Hier komen een paar elementen samen die voor mij de kern van Marías’ oeuvre en ook van zijn roman De verliefden vormen. Ik zal nog één citaat geven uit een andere roman dan De verliefden, namelijk de openingszinnen, uitgesproken door het personage Tupra, in Gif en schaduw en afscheid, het derde deel van Marías’ trilogie Jouw gezicht morgen. Tupra zegt daar dit: ‘Niet dat je het wenst, maar je hebt toch altijd liever dat degene sterft die zich aan je zijde bevindt, bij een missie of een gevecht, tijdens een escadrillevlucht of een bombardement of in een loopgraaf toen er nog loopgraven waren, bij een straatroof, de overval op een winkel, de gijzeling van toeristen, een aardbeving, een explosie, een aanslag, een brand, dat is om het even: je kameraad, je broer, je vader of zelfs je zoon, ook al is het nog een kind. En ook je geliefde, ook je geliefde eerder dan jijzelf.’

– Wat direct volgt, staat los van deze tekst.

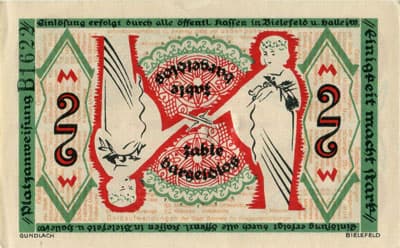 Notgeld der Stadt Sparkasse Bielefeld (Nordrhein-Westfalen - Allemagne) - 2 mark - 1&nbsp;d�cembre&nbsp;1918 - s�rie&nbsp;B - n�&nbsp;1622 - dos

Dat is het schuldgevoel waarover ik het had en heb en dat ik telkens weer in de romans en verhalen en in de non-fictie van Marías tegenkom. Ik las De verliefden in de periode begin dit jaar net nadat een goede vriendin van mij plotseling, volkomen onverwacht was overleden; ze was achtendertig. En toen las ik in De verliefden deze passage: ‘Het kon ook zijn dat Luisa [haar man is niet zo lang daarvoor vermoord] zich nog in de fase van het extreme egoïsme bevond, met andere woorden: dat ze alleen maar in staat was te kijken naar haar eigen ellende en niet zo naar die van Desvern [haar vermoorde man], ondanks de bezorgdheid die ze had geuit over zijn laatste moment waarvan hij moest hebben begrepen dat het dat van het afscheid was. De wereld is zozeer van de levenden en in feite zo weinig van de doden - ook al blijven die allemaal op de aarde en zijn het er ongetwijfeld veel meer - dat de eersten de neiging hebben te denken dat de dood van een geliefde iets is wat hun meer is overkomen dan de overledene, wie het in werkelijkheid is overkomen.’ En even verderop staat er dit: ‘Je hoeft maar een blik te werpen op de kamer van degene die is verdwenen om te beseffen hoeveel er onderbroken is of in het niets is blijven hangen, hoeveel er in één ogenblik nutteloos en doelloos is geworden […].’ En dat zorgt voor een schuldgevoel: het leven, zoals dat heet, gaat door en de dode heeft nergens meer last van, maar is dat wel zo? De dode heeft geen leven meer, is weg en kan iemand die weg is toch lijden? Marías beschrijft vervolgens alle spullen van de dode Desvern (‘We hebben geen meester meer. Ons wacht de ballingschap of de vuilnisbelt’), en ik zou dat allemaal willen voorlezen, want dat doet Marías in die prachtige stijl van hem, omcirkelend, met linguïstische nauwgezetheid en met een afschuw van onnauwkeurigheid en vergissingen; het is lang niet voldoende om een hond gewoon een hond te noemen en een overledene een overledene, Marías probeert in zijn proza trouw te blijven - en ik varieer nu op het slot van Terug tot Ina Damman van Vestdijk (een schrijver die met zijn meanderende en aarzelende zinnen verrassend genoeg een grote overeenkomst vertoont met Marías) - aan iets dat zijn personages verloren hebben, dat hij verloren heeft, aan iets dat hij misschien nooit bezeten heeft, maar waarvan het afschuwelijk is dat het zomaar verdwijnt. Dit is prachtig en ontroerend proza.